I don't know the details, but apparently the public was too sensitive to read about anything Bible-based in comics, even though it's a positive thing in this case. So what happened, is that ten issues later, in issue 19, it was said that the whole "Friend" thing was nothing but an illusion by Satan. I bought that issue, mainly cause I was curious on how they would pull it off with the retcon. They did it so it made a bit of sense, but looking back at Issue 9, it doesn't go. The Devil's dialogue in the epilogue of Issue 9 completely contradicts it, therefore I'm saying that this retcon is invalid. I'd say that the Arch-Demon in Issue 19 was just saying it was an illusion just to mess with Ghost Rider, he is the Prince of Lies after all. It doesn't really matter, since apparently everything is Mephisto, so in that the 70's Ghost Rider series is pretty confusing. But the intent of the writer was this issue, he didn't intend for everything to get a retcon, that was the editor's decision. Some people think it was a right move, I support the writer in that "it was the worst editorial decision by an editor in the history of comics." It won't be undone at this point, but I still enjoyed this issue regardless.

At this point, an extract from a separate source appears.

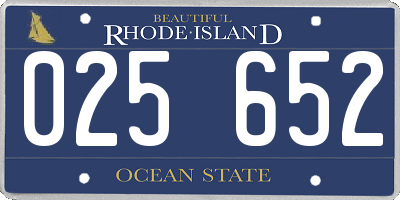 RI license plate 025652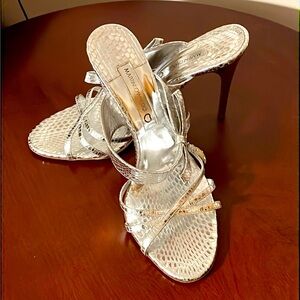 Martini Osvaldo. Silver High Heels Sandals. Size 38 or US 8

What I'm saying here is that Ghost Rider #9 is one of the greatest comics I've ever read. It combines theology with a superhero-based tale supremely well. I proudly own it in very fine condition, it was worth every penny. I don't care about the retcons that came after, this story stands above them. It's a high quality issue with some amazing writing. If it's one back-issue you need to read, it's Ghost Rider #9.

An easy 10/10.


  1. i am waiting for this movie long time,but my waiting is just waste 3d iffect also not be awsome i give2.5 star

  2. This issue had the same impact on me. This was at the peak of my childhood, and it had a huge impact.

    What's more I support the physical appearance of Satan. I mean with the horns, wings, red skin, etc. I support this much more than what they love do today which is to give him either a human appearance or an extremely grotesque one. No — I prefer the classic middle ages look as so wonderfully illustrated by Jim Mooney. It's as if they're saying, "yeah...that's right. He REALLY does look like this. What about it?" It's sort of in-your-face in an effective way. And who's to say he DOESN'T look like that? Assuming there's a Satan and he's powerful, I guess he can appear how he wants! The legends come from somewere!

    The Jesus appearance doesn't bother me, either. It was handled well. Tony Isabella, as I understand it, is Catholic and respect his faith.

    Anyway, all this is to say I agree with your thoughts 100%, including the way you've chosen to think of the silly ret-conning. One of the best comics I've ever read.

    1. Thanks Chris. Here's an interview I had last year with Tony Isabella on the comic.

      This comic I have to say is definitely one of the greatest I've read.